• What to produce
Would you restate each line of the data below word for word, without its pictures?

--- Dataset content ---

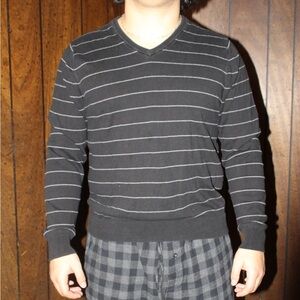 Striped Black V-Neck Long Sleeve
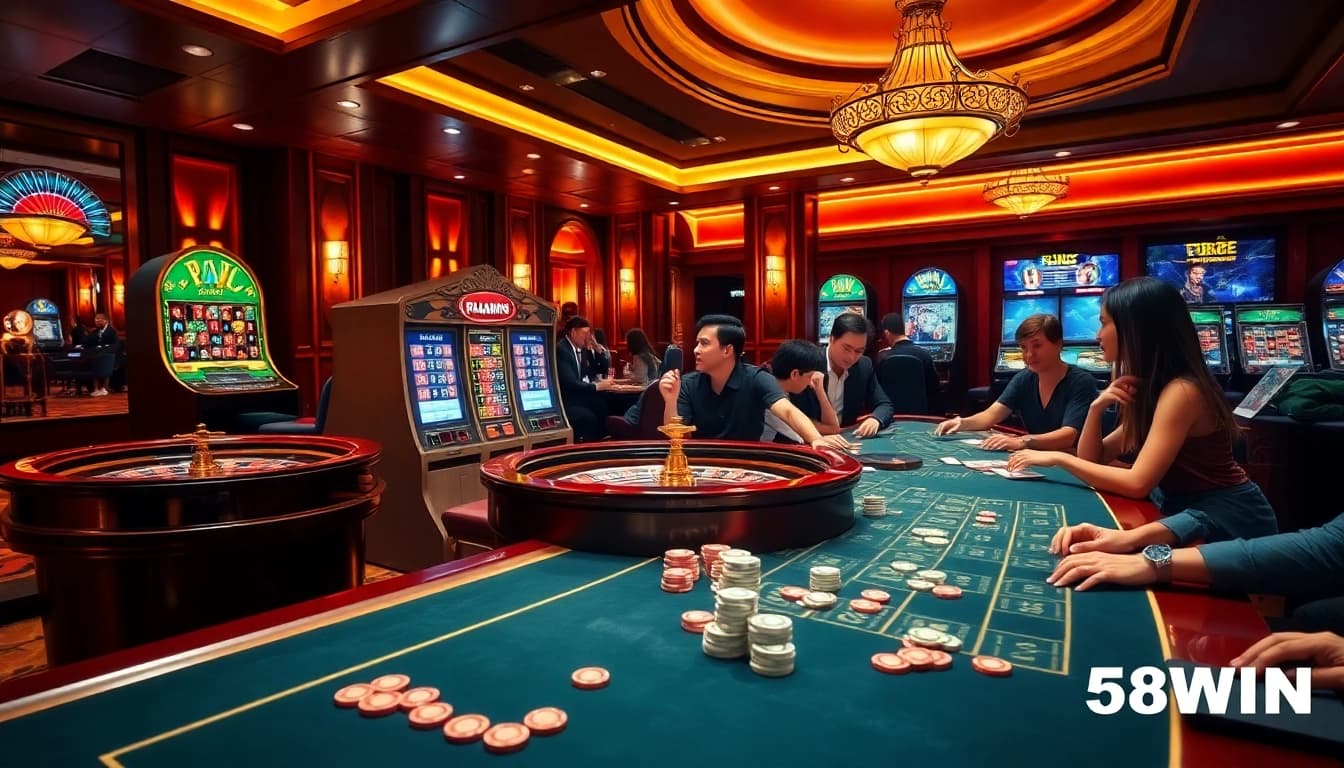 Engaged gamblers enjoying the casino experience at nhà cái 58WIN with vibrant slot machines.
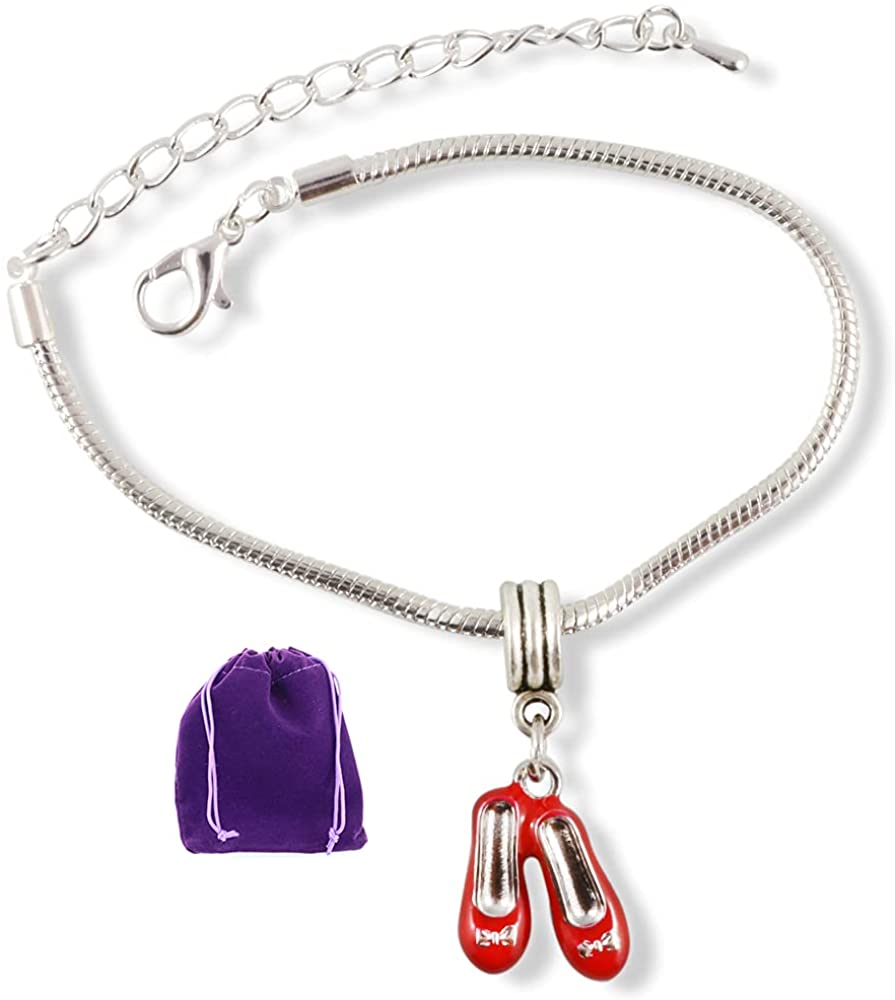 Wizard of Oz Gifts | Wizard of Oz Charm Bracelet Silver Plated Snake Chain Charm Bracelet Collectible Bracelet Wizard of Oz Stuff and Wizard of Oz Gift for Women Jewelry Wizard Oz Wiserd of Oz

---

• Exercise response
 Striped Black V-Neck Long Sleeve
 Engaged gamblers enjoying the casino experience at nhà cái 58WIN with vibrant slot machines.
 Wizard of Oz Gifts | Wizard of Oz Charm Bracelet Silver Plated Snake Chain Charm Bracelet Collectible Bracelet Wizard of Oz Stuff and Wizard of Oz Gift for Women Jewelry Wizard Oz Wiserd of Oz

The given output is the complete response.